I like your use of acrylic to add to the effect of "look no hands, hidden wires or magic". Maybe an acrilic rotor is on the cards? First thought on seeing it was it needs some leds embedded and would some magnets on the rotor with an induction coil in the base. But maybe not.

Dare I say the second end stop does need to be removed it detracts from the effect. However I can see it's there to deal with the effects of Kinderfingerpoken

Nice job

Pete
 
Hi Ken, very nice project description and build. Your final design really does run great!
I have been a fan of these kind of motors for some time, and started putting one together just this week.

Gosh, do you think we can convert this group of engine builders to Mendocino builders?

These little devices are sure fascinating to watch run!
 
Pete,
I've come to the same conclusion - having two end stops detracts from the effect - but I can flip one down by hand easilly enough - I will post another clip of it running with one.
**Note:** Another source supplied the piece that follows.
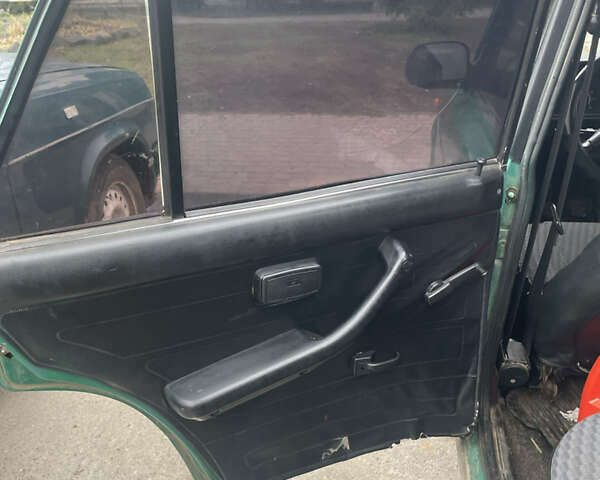 Зеленый ВАЗ 2107, объемом двигателя 1.5 л и пробегом 64 тыс. км за 850 $, фото 8 на Automoto.ua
Yes a totally acryllic rotor is possible and would look nice.

My caution to anyone building this is to make the rotor complete and then do a lash up to determine the centre height - it will vary depending on the mass of the rotor and the strength of the magnets etc. etc.

I could have targeted a faster running motor using more turns of thicker wire - but I was deliberately aiming for "slow".
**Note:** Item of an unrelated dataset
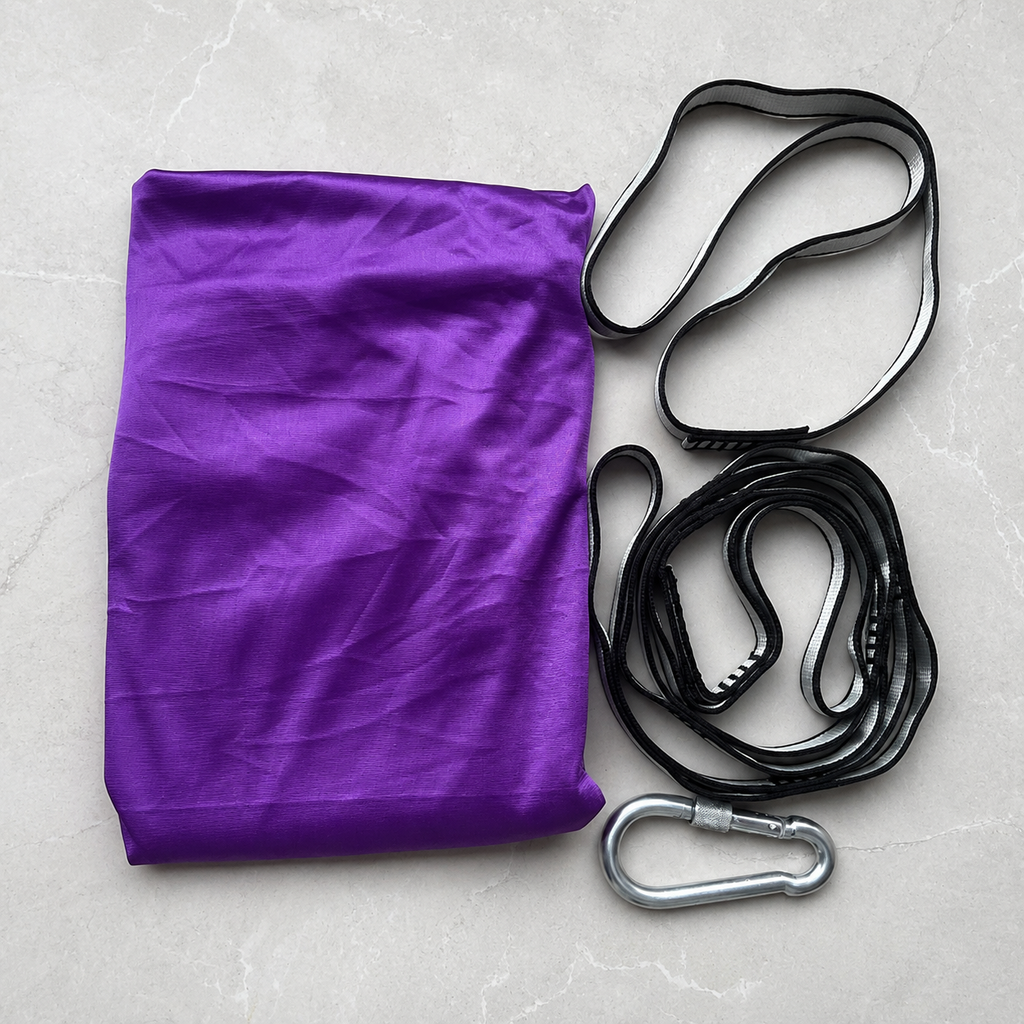 Indoor Hanging Sensory Hammock Swing for Kids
George, thanks I will be following your thread.

Ken
 
Here it is running at 50 rpm under ambient lighting (no illumination lights turned on).

The Windhoek Draught is to amuse Arnoldb - and I was thirsty.

This is to show it running with only one support end (as mentioned in prior posts two spoils the effect - but are there because I have grandchildren). The screws are loose enough to manually fold them up or down.

I took it outside in direct sunlight (low angle winter sun) and it spun up to about 1200 rpm before the collywobbles caused the rotor to strike the field magnets (I've only got ±1mm clearance) and it would have run over the fields and far away has I not had my hands in place for such an eventuality.

I think a couple more milimeters clearance would not hurt.

Ah well - it ticks over nice and slowly on my bar - day or night and that was the intention so I'm happy - Calling this project finished (for now).

(Sorry the vid's at the bottom but for some reason if I place it further up the post then everything below it dissapers ?)

Ken


 
Ken,

I have just caught up with this thread and would like to say what a super piece of 'engineering' you have created.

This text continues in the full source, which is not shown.